It is finally here, the happiest time of the year!
Happiest, and for a lot of people the most stressful. There is so much to manage: money, travel, gatherings, and for those who are raising a family in two homes there is a need to figure out what the parenting arrangement is going to look like for the holiday season.
I certainly can’t provide insight into all of these extra stressors, but I can offer five tips on how to manage shared parenting over the holidays:
1 – It’s all about the kids
This one seems obvious, but put the kids first, especially during the holiday season. When having any conversation about parenting, the kids should always be the focus. Try to put your differences aside to give your kids a good holiday.
Our kids pick up on when we are stressed or anxious about the holidays, especially when that is directed at their other parent, which takes away from our kids’ holiday as well.
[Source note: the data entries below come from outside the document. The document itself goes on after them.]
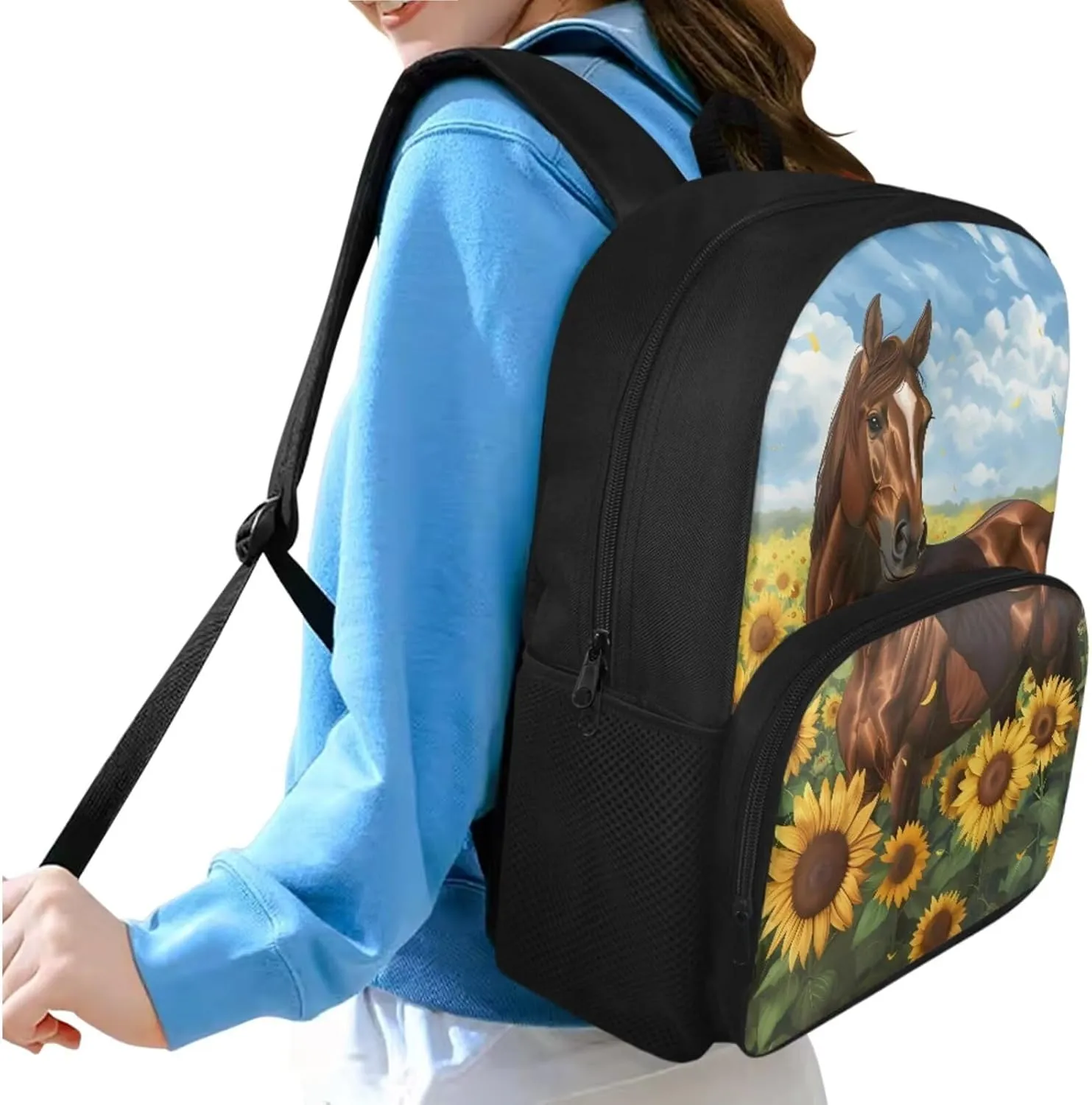 3D Horse Backpack for Boys, Sunflower Kids Backpack Sets, Cute Backpack for Toddlers Girls, Kids Casual Travel Backpack Set with Water Bottle Holder for Middle School Junior Kids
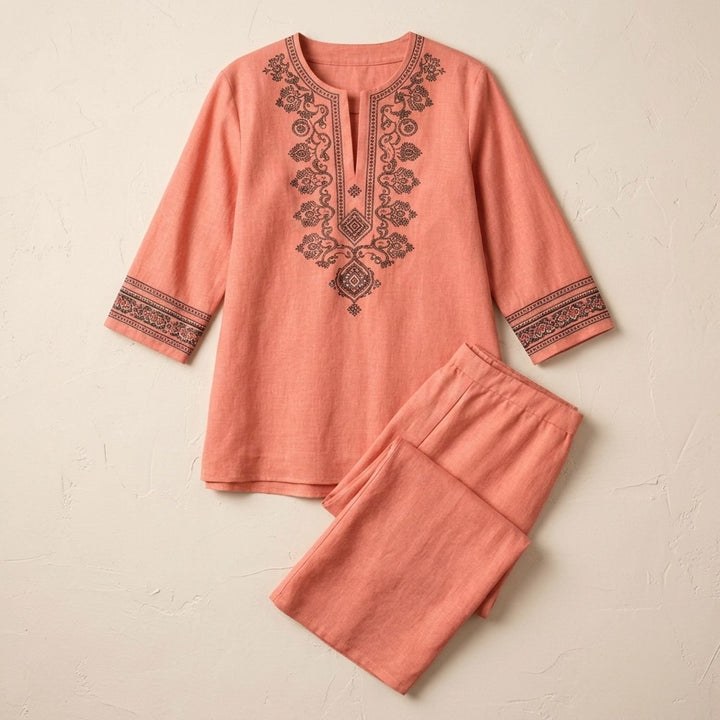 Dames Tweedelige Set Geborduurde Tuniek Wijdbeense Broek - Roze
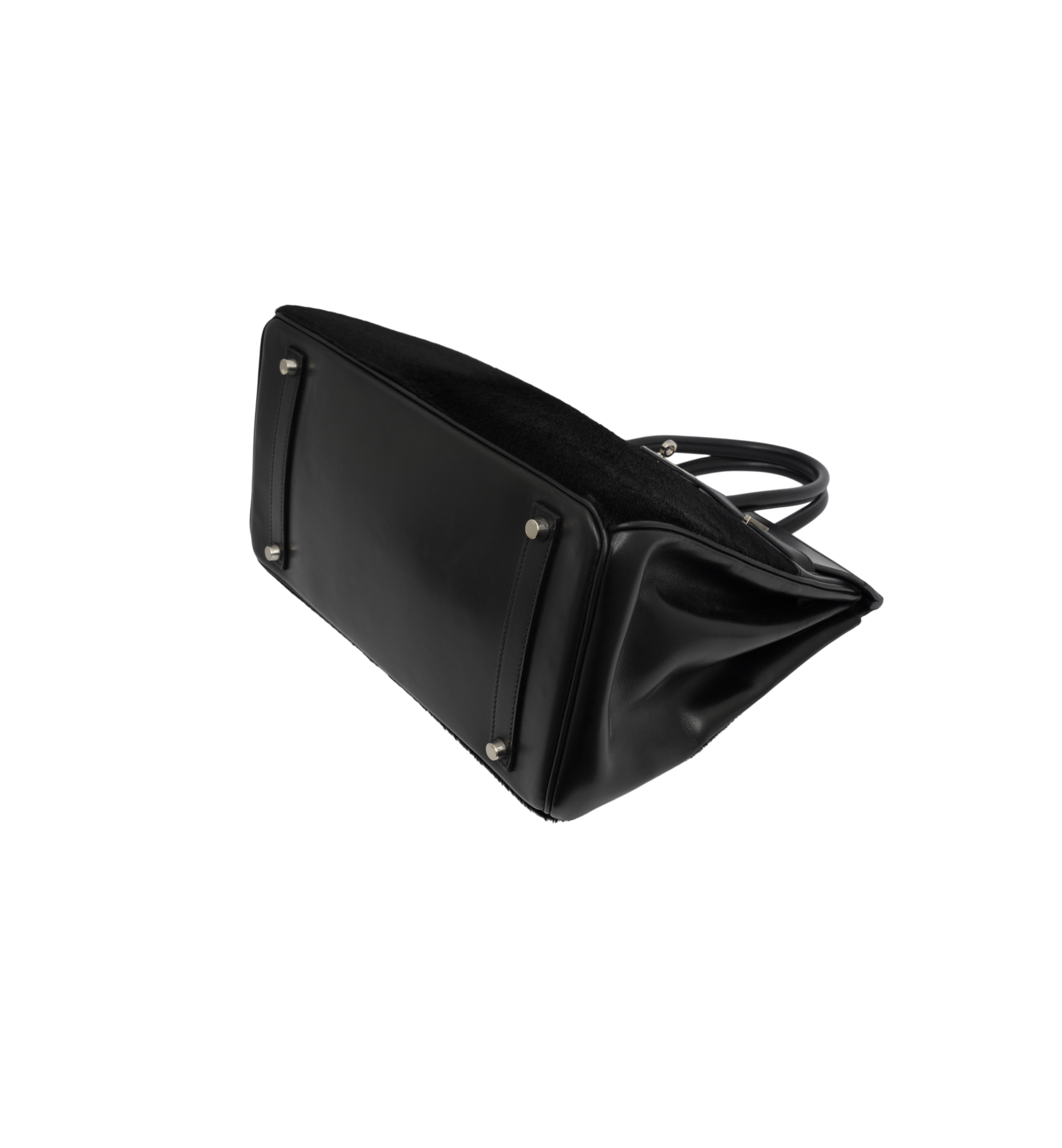 HERMÈS Special Edition Birkin Troika 35 Handbag in Black Evercalf Leather and Veau Troika leather with PHW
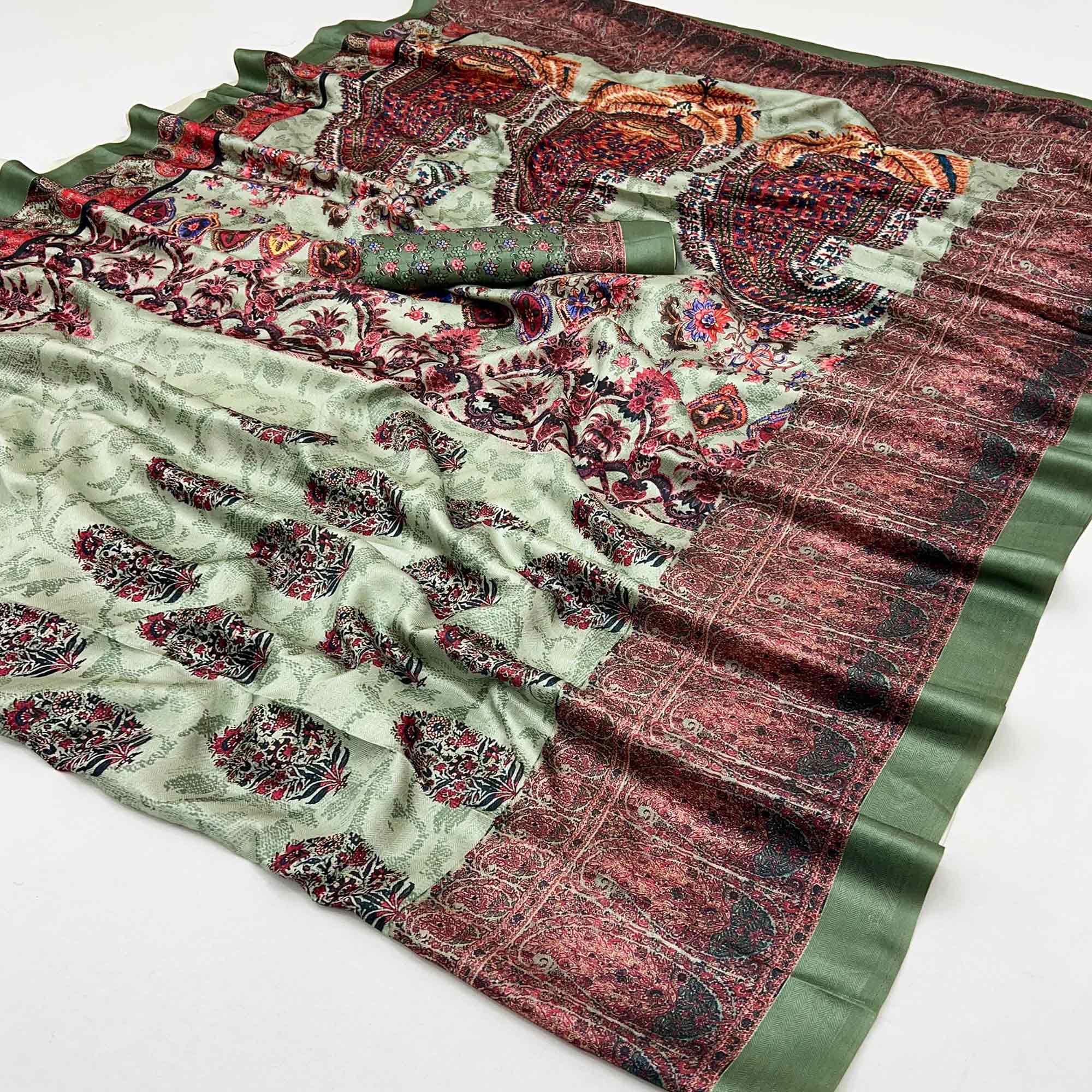 Green Floral Digital Printed Pashmina Saree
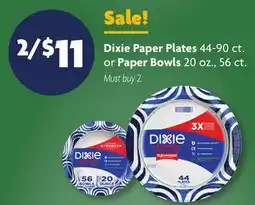 Family Dollar Dixie Paper Plates 44-90 ct. or Paper Bowls 20 oz., 56 ct offer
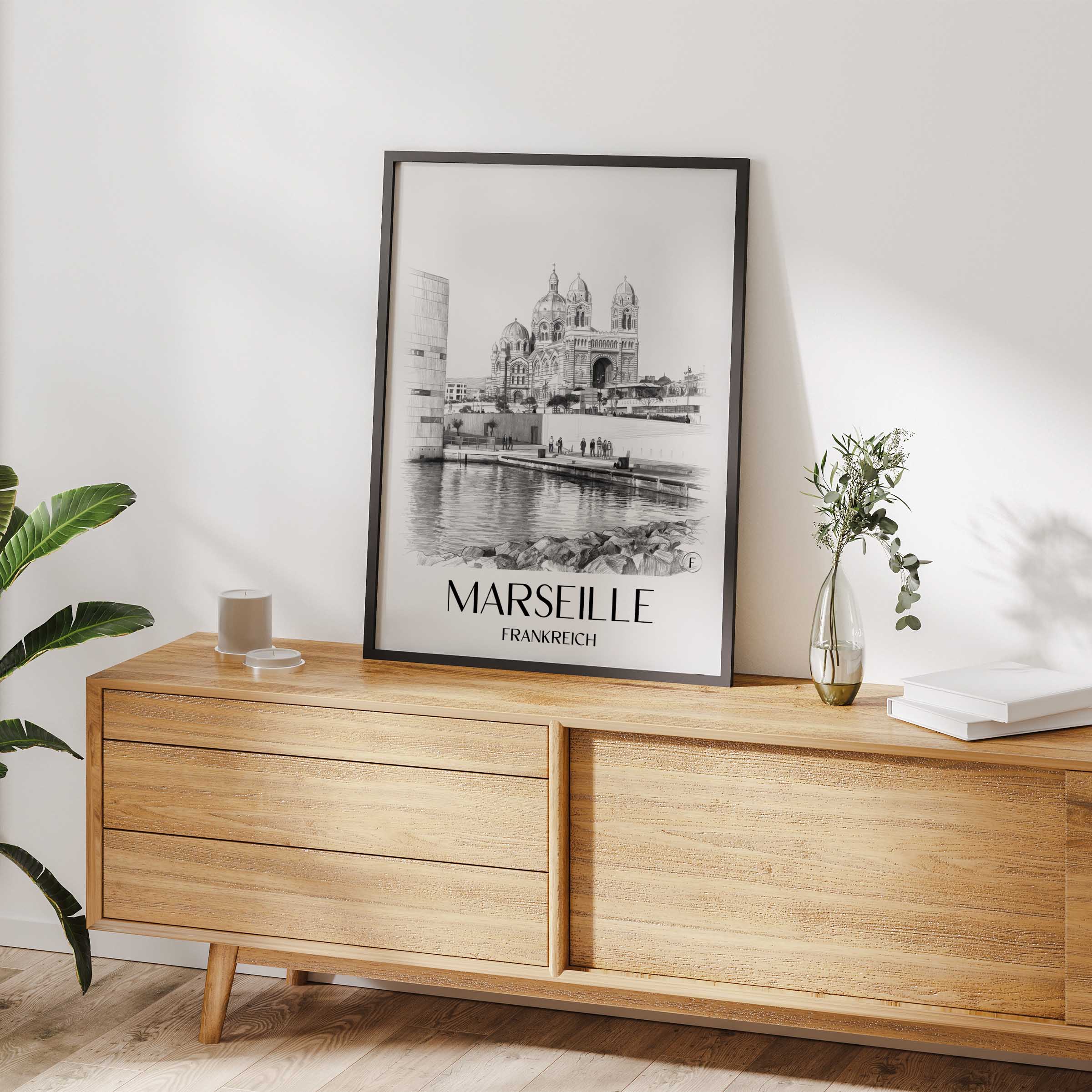 marseille-frankreich-poster-bleistift-zeichnung-drawing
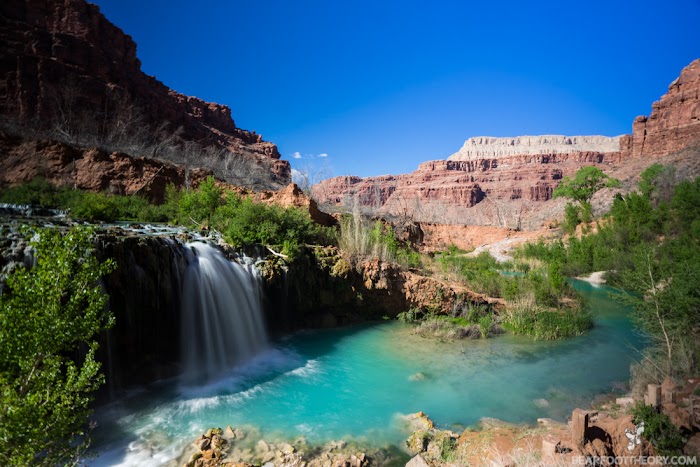 Navajo Falls is directly below Fifty Foot Falls deeper than Fifty Foot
So, make sure that you don’t put the kids in the middle of trying to make the parenting arrangements. Don’t ask young kids who they want to spend Christmas with, they will tell you what they think that you want to hear. Chances are that the kids probably want to spend time with both parents over the holidays, so find a way to make that happen.
2 – Be flexible
A lot of shared parenting arrangements have very rigid guidelines as to which parent has the kids on which weekend and the like. During the holidays it is sometimes necessary to divert from those rigid schedules to make it work.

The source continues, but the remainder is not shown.